As you may know, three months ago I decided to step back in time and get some LPs again. It had been 23 years since I’d sold off my collection and I was missing the sound and the ceremony of them.
So I ordered a turntable and set off joyously on my LP search. I’ve already written about the places I went to find them, so today I thought I’d write a bit about the LPs themselves. Like, what LPs would you buy first after a quarter of a century’s separation from them?
As I set out I made only one condition. I would look for perfect albums. All good tracks, no fillers. Remembering all too clearly the numbers of my original haul of 3,000 or so that didn’t come anywhere near doing this. Even LPs by very, very good people could be very, very poor. Yes, you David Bowie (‘Tonight’) and even you Joni Mitchell (‘Dog eat dog’).
But I didn’t set out with a list, no point. Hunting mostly in charity shops or in record shops with relatively small vinyl sections, there was no point. It was a case of seeing what I could find.
‘So go on then, tell us, What did you find?’ I can hear you impatiently reading.
Well, first up, the day I ordered the turntable, was the only perfect album in our local Oxfam that particular day.
And of course all we could do was look at it that first evening. A pleasure in itself of course, but much exceeded the next day after I’d been to Richer Sounds in Berry Street, picked up the turntable and set it up. So now we could play our one and only LP.
I took it out of its well-worn sleeve, carefully wiping the dust of years from it, placed it on the turntable, turned it on and carefully lowered the stylus into the run in grooves. For the first time in over two decades.
And there in the room was music. Beautifully sung, perfectly played. And Steve Gadd, drumming like no CD or other digital things have drummed in this house for all these years.
Twenty minutes of heaven, turn it over, twenty more, big gospel finish, then we played it again. Three months later we still think it’s perfect.
‘OK, what else then?’
Couple of days later Sarah returns from a Wirral trip triumphantly waving this over her head.
A good solution to the ‘only perfect albums’ requirement? A singles album by arguably the greatest singles band in history? A winner (takes it all).
My own searching soon turned up a disagreement.
I haven’t even put my newly prized purchase on before Sarah dismisses it. ‘I don’t know any women who like Steely Dan’ she asserts. ‘Aja’s not too bad, but they’re too dense and, well, laddish.’ That’s me told.
Fortunately the same scout has turned this up too.
A scratchy, pink label Island edition from 1970 and utterly glorious.

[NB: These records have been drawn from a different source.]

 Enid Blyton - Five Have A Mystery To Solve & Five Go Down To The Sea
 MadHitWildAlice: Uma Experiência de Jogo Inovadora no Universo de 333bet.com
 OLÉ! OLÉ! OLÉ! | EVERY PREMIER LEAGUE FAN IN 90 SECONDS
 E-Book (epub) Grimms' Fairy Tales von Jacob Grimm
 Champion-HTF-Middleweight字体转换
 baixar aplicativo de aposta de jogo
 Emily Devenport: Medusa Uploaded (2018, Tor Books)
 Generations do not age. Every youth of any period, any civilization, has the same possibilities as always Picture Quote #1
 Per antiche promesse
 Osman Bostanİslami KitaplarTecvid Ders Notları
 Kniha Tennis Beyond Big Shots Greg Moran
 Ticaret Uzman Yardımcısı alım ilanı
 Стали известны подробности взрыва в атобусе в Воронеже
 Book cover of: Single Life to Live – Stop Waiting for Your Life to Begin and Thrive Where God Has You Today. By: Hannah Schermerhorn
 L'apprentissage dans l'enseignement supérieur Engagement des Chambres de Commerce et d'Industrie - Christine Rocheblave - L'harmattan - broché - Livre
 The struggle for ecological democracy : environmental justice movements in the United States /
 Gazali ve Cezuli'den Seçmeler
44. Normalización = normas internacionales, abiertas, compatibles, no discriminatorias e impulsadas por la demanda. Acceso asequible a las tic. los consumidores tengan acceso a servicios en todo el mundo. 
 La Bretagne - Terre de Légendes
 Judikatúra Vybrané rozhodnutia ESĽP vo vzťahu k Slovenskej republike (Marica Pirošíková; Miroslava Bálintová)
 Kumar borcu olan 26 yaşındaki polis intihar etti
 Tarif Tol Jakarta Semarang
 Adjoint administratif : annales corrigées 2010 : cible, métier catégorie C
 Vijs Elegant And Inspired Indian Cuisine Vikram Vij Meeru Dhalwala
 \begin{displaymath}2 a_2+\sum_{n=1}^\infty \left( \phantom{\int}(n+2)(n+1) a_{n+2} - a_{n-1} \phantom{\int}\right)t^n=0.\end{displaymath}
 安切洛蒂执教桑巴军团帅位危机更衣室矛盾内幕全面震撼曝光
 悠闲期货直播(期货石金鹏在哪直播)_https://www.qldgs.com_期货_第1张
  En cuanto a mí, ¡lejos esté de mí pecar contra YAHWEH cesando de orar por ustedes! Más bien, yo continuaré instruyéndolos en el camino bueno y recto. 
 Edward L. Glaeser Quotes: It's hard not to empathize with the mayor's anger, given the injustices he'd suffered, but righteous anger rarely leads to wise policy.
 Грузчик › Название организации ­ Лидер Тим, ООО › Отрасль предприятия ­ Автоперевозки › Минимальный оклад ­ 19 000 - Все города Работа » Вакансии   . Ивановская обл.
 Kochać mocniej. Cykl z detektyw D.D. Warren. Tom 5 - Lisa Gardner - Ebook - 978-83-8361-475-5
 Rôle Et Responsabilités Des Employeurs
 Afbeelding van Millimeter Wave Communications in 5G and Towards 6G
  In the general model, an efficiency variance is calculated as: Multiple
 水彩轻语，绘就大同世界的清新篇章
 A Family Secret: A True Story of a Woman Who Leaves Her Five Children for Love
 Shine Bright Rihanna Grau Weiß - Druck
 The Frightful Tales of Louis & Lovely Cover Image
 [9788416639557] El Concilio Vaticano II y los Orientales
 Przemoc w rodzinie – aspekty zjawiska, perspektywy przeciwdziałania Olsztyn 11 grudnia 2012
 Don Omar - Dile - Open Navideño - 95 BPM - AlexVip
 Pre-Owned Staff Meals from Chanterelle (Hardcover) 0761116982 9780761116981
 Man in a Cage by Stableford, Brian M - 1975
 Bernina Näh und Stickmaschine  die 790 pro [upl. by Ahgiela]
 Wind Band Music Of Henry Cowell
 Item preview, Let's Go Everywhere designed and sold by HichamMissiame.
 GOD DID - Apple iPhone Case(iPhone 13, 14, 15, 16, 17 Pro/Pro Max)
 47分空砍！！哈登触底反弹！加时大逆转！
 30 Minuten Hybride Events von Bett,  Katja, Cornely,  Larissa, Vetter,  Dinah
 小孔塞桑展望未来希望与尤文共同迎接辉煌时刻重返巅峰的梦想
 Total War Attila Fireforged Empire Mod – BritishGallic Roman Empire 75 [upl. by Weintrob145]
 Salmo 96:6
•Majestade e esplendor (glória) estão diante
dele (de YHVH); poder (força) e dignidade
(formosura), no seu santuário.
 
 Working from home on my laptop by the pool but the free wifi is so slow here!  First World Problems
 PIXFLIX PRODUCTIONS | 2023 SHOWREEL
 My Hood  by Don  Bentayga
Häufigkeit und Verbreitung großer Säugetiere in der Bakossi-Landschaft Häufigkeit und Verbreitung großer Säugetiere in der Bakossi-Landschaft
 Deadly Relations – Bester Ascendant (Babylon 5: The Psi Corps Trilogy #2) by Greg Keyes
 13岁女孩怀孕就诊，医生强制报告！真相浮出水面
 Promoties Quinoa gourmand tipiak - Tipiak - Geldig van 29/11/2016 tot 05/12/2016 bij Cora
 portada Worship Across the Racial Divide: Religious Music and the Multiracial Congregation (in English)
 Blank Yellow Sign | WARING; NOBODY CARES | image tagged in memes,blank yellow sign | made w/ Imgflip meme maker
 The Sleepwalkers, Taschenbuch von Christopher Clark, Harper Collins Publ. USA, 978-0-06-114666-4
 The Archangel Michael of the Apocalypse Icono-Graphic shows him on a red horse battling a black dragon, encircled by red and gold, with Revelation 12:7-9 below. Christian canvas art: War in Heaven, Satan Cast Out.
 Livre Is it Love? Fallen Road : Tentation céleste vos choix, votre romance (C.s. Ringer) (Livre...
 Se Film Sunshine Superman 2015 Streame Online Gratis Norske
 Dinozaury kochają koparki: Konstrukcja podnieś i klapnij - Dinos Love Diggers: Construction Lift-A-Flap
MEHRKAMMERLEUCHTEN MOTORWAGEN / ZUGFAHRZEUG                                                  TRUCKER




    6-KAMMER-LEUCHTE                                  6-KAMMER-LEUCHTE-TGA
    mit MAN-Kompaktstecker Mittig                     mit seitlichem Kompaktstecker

I saw Free just after this came out at the Liverpool Stadium, a perfectly balanced band who existed for far too short a time.
Our sub-plot of ‘Let’s get some more stuff with Steve Gadd drumming on it’ soon turned up this, together with some more Paul Simon.
Then I made a mistake, caused by poor memory and a gorgeous cover. I bought this.
I’d remembered the beauty of the title track and ‘Spanish Dancer’ and ‘While you see a chance.’ But I’d forgotten that the rest of the album is no good at all, reaching its nadir by its third track, ‘Second-hand woman.’
“From a cut price lady to second-hand woman, You’re society’s slave babe, You’re an ugly rumour.”
How could I? Steve Winwood is a prime example of ‘Best of required.’ He’s made some great music since he left Traffic in the 1970s. But he’s never made a perfect album.
Then, phew, came a run of good luck.
And, at last, one I’d had fixed in my mind as ‘perfect’ from the beginning. I’d got ‘Fulfillingness’ by now but this had been eluding me.
Our local Oxfam on Smithdown Road was turning out to be a regular source and my next visit turned up a real gem. From 1957, the LP your Mum and Dad’s radiogram seemed to come ready supplied with back then.
It even contained the original booklet with stills from the film.
Sarah’s birthday was coming up and I knew she’d like an LP of her favourite early Elton John album ‘Madman across the water.’ I hadn’t come across it anywhere so I hunted round the internet. And frightened myself by finding a copy for £284! I mean, I love her and all that but come on. Fortunately someone else had it for £14, though, so I went for that.
Others? Well I think ‘Ariel’ by Kate Bush is about as beautiful a piece of music as a human being can make and it’s balm helped us through some very tough days a few years ago. But £249? I don’t think so. So I settled for this early ‘Best of’ for now, ’til the Kate market calms down.
And after I saw them at the Liverpool International Music Festival the other week. Who could resist this?
And, finally, my only prog rock so far. First bought second-hand from Probe back in 1972 (Geoff Davies ‘What do you want to listen to that shit for?’) New and pristine this time from Piccadilly Records.
So, some new but mostly not.
We’re having a lovely time with this, part of a deliberate slowing and gentling of our lives. We have loads of avenues still to look down, and are looking forward to both having a good rummage at the Record Fair in Lark Lane this coming Sunday. And many other record fairs to come.
When gems are found you’ll hear about them.